Theorem 1 (Extended Pythagorean Property). Let D_f be a Bregman divergence. Let w be the D_f-projection of v ∈ ⅅ^J into a closed convex nonempty set W ⊆ ⅅ^J. Let a ∈ W. Then:

D_{f} (a ‖ w) + D_{f} (w ‖ v) \leq D_{f} (a ‖ v) .

This property, in the case of the Kullback–Leibler divergence, was proven first by Csiszár in [11]. The proof of the generalized theorem above is given in [1,12], where the interested reader can find a comprehensive study of Bregman divergences within the context of differential geometry. We illustrate the theorem in Figure 3.
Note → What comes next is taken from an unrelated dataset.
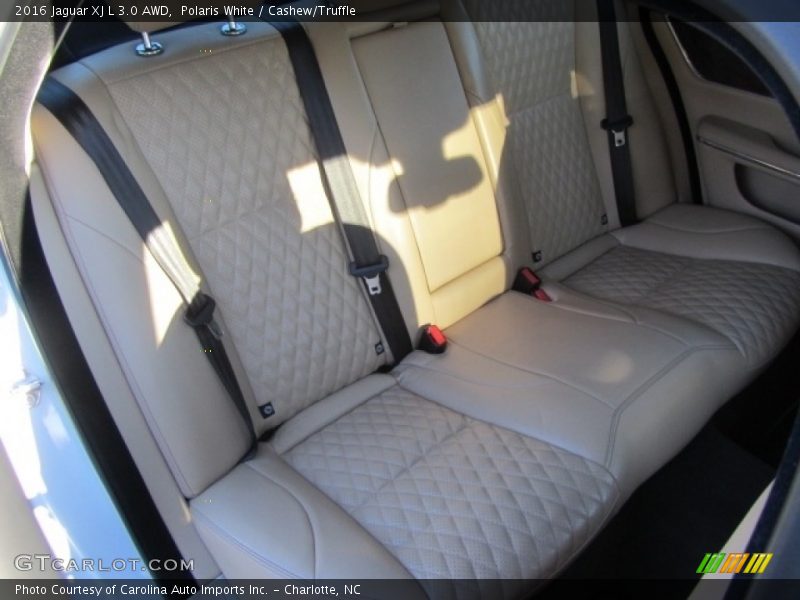 Polaris White / Cashew/Truffle 2016 Jaguar XJ L 3.0 AWD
Notice that the squared Euclidean distance has a special role among all other Bregman divergences. It is symmetric, and it interprets the extended Pythagorean property “classically” as the relation of the sizes of the squares constructed on the sides of a triangle.
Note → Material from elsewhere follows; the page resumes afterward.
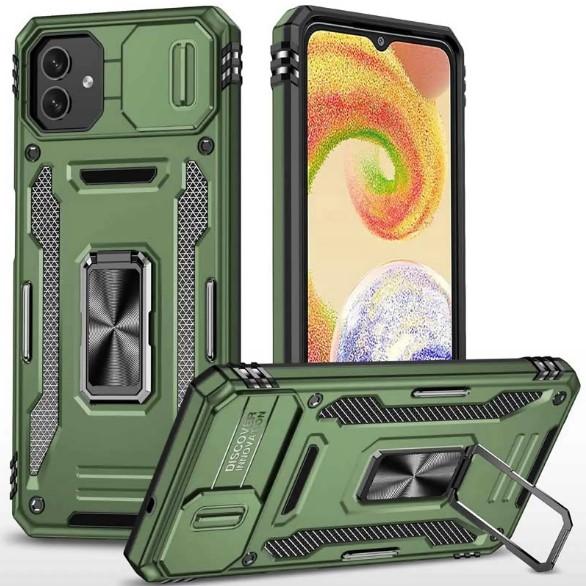 Чохол Camshield Army Ring для Samsung A07 оливковий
It is well-known that the Kullback–Leibler divergence is closely connected to the Shannon entropy defined for any w ∈ ⅅ^J by:

H (w) = - \sum_{j = 1}^{J} w_{j} \log w_{j},

where log denotes the natural logarithm. The importance of the Shannon entropy is that it could be described as a measure of the level of disorder, which in the context of information theory, can be interpreted as a measure of informational content. The higher the entropy of w is, the less information is carried by w. In some contexts, one can then argue that given several seemingly equally probable choices of a probability function, one should choose the one that carries the least additional information [13]. Given a closed convex nonempty set W, the most entropic point in W will be denoted by ME(W).

Now, trying to find the most entropic point in a closed convex nonempty set W ⊆ ⅅ^J is, in fact, equivalent to finding a special KL-projection (the KL-projection of the uniform probability function

\underset{J}{\underset{︸}{(\frac{1}{J}, \dots, \frac{1}{J})}}

) since:

\arg min_{w \in W} \sum_{j = 1}^{J} w_{j} \log \frac{w_{j}}{\frac{1}{J}} = \arg max_{w \in W} - \sum_{j = 1}^{J} w_{j} \log w_{j} = ME (W),

where arg min_x∈X f(x) denotes that unique argument x ∈ X, where f has its global minimum, whenever such a unique point exists. The expression arg max is defined accordingly.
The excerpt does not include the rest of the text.